Let's change the subject. Shareholders are revolting.

Warren Buffett compares voting against excess executive pay to burping at the dinner table. You will be banned to the kitchen if you do this, he remarked at the weekend Omaha rally when criticized for backing the high and dilutive payouts at Coca Cola, where Berkshire Hathaway is the largest outside shareholder.

But in Britain, Alan Tovey writes in The Telegraph (Weds.) that there is a different mood:

A new wave of shareholder activism is building after investors in some the country’s best-known companies showed their disapproval over boardroom pay. Investors [are] actively voting against levels of pay and bonus, and do not include abstentions, where shareholders do not vote down a measure but do not back it either.

The revolts come a[s] investors in blue-chip companies AstraZeneca and Barclaysvoted their concerns over pay, echoing the “shareholder spring” that caused upheaval in boardrooms 2 years ago.

Online grocery business Ocado also felt shareholders’ ire, with 1 in 5 going against its remuneration report and almost 1 in 8 voting against the remuneration policy.

More follows from one of our British companies also facing shareholder rebellion plus news from Canada, Israel, Brazil, New Caledonia (a first), Britain, Mexico, China, Hong Kong, Taiwan, Macao, Panama, and Spain. Today's blog is late because I joined a conference call at 11 am on China and regional markets also summarized below. I listened mainly because Chinese trade grew modestly in April (exports up 0.9% vs Mar. decline of 6.6% imports up 0.8% vs Mar. decline of 11.3%.) The trade surpluse doubled to $18.45 bn and beat forecasts of $13.9 bn.
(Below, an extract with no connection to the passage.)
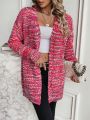 SHEIN Essnce Oversized Cardigan Sweater With Open Front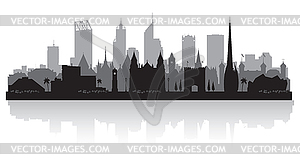 Perth Australia city skyline silhouette - vector EPS clipart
China's may not be slowing down as much as expected.

*The conference call was for JP Morgan China Region Fund, JFC, with lead portfolio mgr Emerson Yip, a Yale math graduate. JFC gained more than double the benchmark in 2013 thanks to its heavier China investment "because of attractive valuation"; a lower Hong Kong level "based on stock-picking"; and "roughly even Taiwan weighting".

In 2014 YTD however the fund missed its benchmark so far. Moreover it is at an 11.6% discount from net asset value, greater than its norm. Blame too much Mainland, "high-flying growth stocks correcting" and the weakening RMB.

Taiwan outperformed YTD and Hong Kong (which Yip called "a derivative play on China outbound spending") lost tourist and retail spending, to say nothing of selling apartments where prices have slipped sharply. Taiwan has been in a slow growth pattern for years, its export-oriented economy hurt by the global economic crisis. Closer integration with China should drive better performance going forward. Taiwan can benefit from becoming the main seller of smart phones and devices to China. It can parallel "what has happened to Hong Kong from China integration".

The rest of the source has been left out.